I stand in good company when I ask again the questions Job asked. Why do we suffer? Why is the world so unjust? What is the purpose of pain and tragedy?… My answers are based on a hypothesis which is an extension both of the Anthropic Principle and of the argument from design. The hypothesis is that the universe is constructed according to a principle of maximum diversity…. It says that the laws of nature and the initial conditions are such as to make the universe as interesting as possible. As a result, life is possible but not too easy.

Dyson precedes this astonishing rationale with his stated faith in higher purposes:

I believe that we are here to some purpose, that the purpose has something to do with the future, and that it transcends altogether the limits of our present knowledge and understanding.

He justifies this hope with one of the strongest and most illogical versions of the so-called Anthropic Principle:

The Anthropic Principle says that laws of nature are explained if it can be established that they must be as they are in order to allow the existence of theoretical physicists to speculate about them.

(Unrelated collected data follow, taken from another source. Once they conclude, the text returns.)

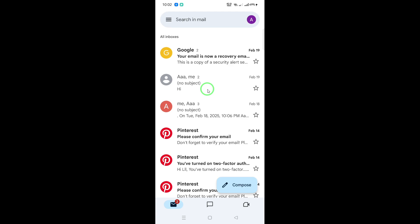If you want to ensure this automatic syncing is active, here's what to do. Go back to the menu in the Gmail app and scroll down to Settings. Tap on it and then select your account. Make sure Sync Gmail is turned on.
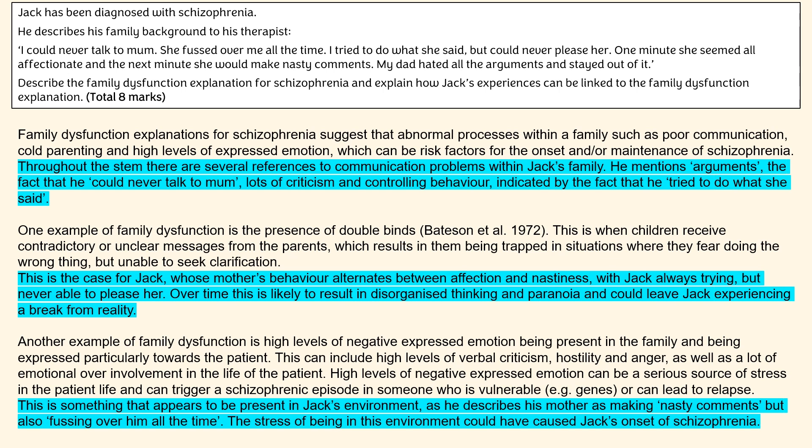In my answer, I did it for negative expressed emotion and for the double bind hypothesis, but I didn't do it for my first paragraph because the first paragraph was mainly about what family dysfunction actually is. If you look in the second paragraph it makes reference to the fact that double binds can lead to disorganized thinking and paranoia, and in the final paragraph it talks about how the presence of negative expressed emotion can cause high levels of stress which can then cause a schizophrenic episode or relapse. So with the double binds I'm referencing specific symptoms, whereas with negative expressed emotion it's more about the onset of schizophrenia specifically.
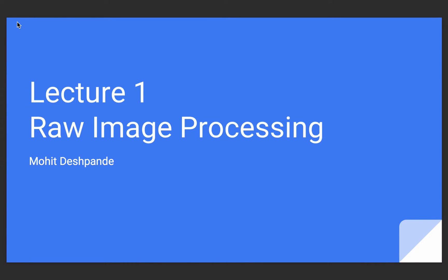Hello world, my name is Mohit Responde and in this video we are going to talk about raw image processing.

I suppose that everyone has a bête noire of an argument that they find particularly rankling. Dyson’s imperial justification for the raw hope of the ages gets under my skin, though in a sense I love the man all the more for his ornery defense of the utterly indefensible. His argument is harmless enough. It doesn’t kill anyone, and it presents a perfectly benevolent if absolutely insipid God. Why fret if it brings some people comfort? I guess I just can’t imagine that the universe in all its glory might be constructed with pitiful humanity as its philosophical center-piece—and in just such a way that our deepest fears are assuaged and our fondest hopes realized.

I don’t advocate a crushing cosmic pessimism in opposition. I merely take Manchester more seriously and right to the bitter end. I believe that Charles Darwin, a man of unimpeachable intellectual integrity, who could stare into the pit of harshness and emerge with courage intact and a smile on his face, put the matter beautifully in his famous letter to Asa Gray on May 22, 1860. Gray, the Dyson of his generation, had written to Darwin stating his satisfaction with natural selection as a mechanism, but expressing his fear that Darwin’s views might imply a domination of the universe by chance, and an absence both of law and of purpose.

Darwin, in his reply, admitted the rule of law at some level of abstraction and even allowed that these laws (for all we know) might have some unperceived and intrinsic purpose. But he refused to see beneficence and intent in the Mancunian details of history (Darwin cites, specifically, the death of a man by lightning, or the birth of a child with serious mental handicaps). “I am inclined,” he wrote, “to look at everything as resulting from designed laws, with the details, whether good or bad, left to the working out of what we may call chance.”

Ultimately, it all depends on where you place the boundary between detail and direct incarnation of law. Dyson would restrict the realm of detail to insignificant and passing incidents of everyday life. Darwin, in another letter to Gray, explicitly included the origin of any species, including Homo sapiens, in this realm of historical contingency—unpredictable from the general laws of nature, and extremely unlikely ever to arise again if the tape of history could be replayed. We must take the message of Manchester seriously. We live in a world of detail, and diversity just is. You may view this as discouraging, if your temperament be dark. You may also find in Manchester the essence of freedom.